Installation OS X needs an extra step, as multiple OpenSSL versions may exist which confounds the python libraries using to it.

$ virtualenv env/
$ . env/bin/activate

Macports users should then run:

$ sudo port install openssl
$ env ARCHFLAGS="-arch x86_64" LDFLAGS="-L/opt/local/lib" CFLAGS="-I/opt/local/include" pip install cryptography

Alternatively homebrew users run:

$ brew install openssl
$ env ARCHFLAGS="-arch x86_64" LDFLAGS="-L/usr/local/opt/openssl/lib" CFLAGS="-I/usr/local/opt/openssl/include" pip install cryptography

Now installation can run as usual:

$ pip install opencanary
$ pip install scapy pcapy # optional

To install from source, instead of running pip do the following:

$ git clone https://github.com/thinkst/opencanary
$ cd opencanary
$ python setup.py sdist
$ cd dist
$ pip install opencanary-<version>.tar.gz

If you are looking to get OpenCanary working on OpenBSD, take a look at https://github.com/8com/opencanary.

Run

OpenCanary is started by running:

$ . env/bin/activate
$ opencanaryd --start

On the first run, instructions are printed that will get to a working config.

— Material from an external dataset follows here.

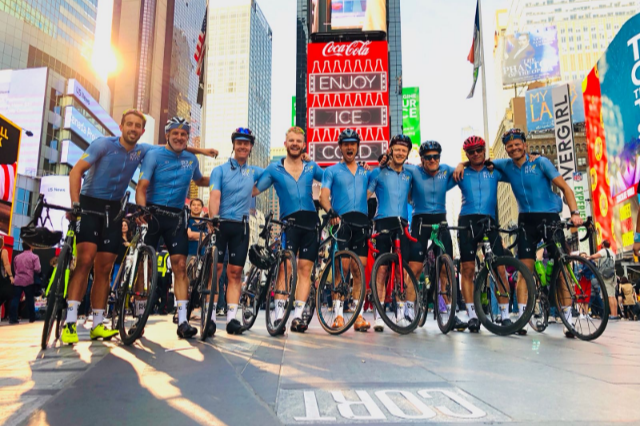 group of riders in times square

$ opencanaryd --copyconfig

Which will create a folder, /etc/opencanary and a config file inside that folder opencanary.conf. You must now edit the config file to determine which services and logging options you would like to enable.

Samba Setup (optional)

(Please note that as Samba versions differ, you may need to change some configuration values.)

The Samba OpenCanary module monitors a log file produced by the Samba full_audit VFS module. Setup relies on:

  • Having Samba installed.
  • A modified Samba config file, to write file events to syslog's LOCAL7 facility.
  • A modified syslog file, to output LOCAL7 to a samba-audit.log file.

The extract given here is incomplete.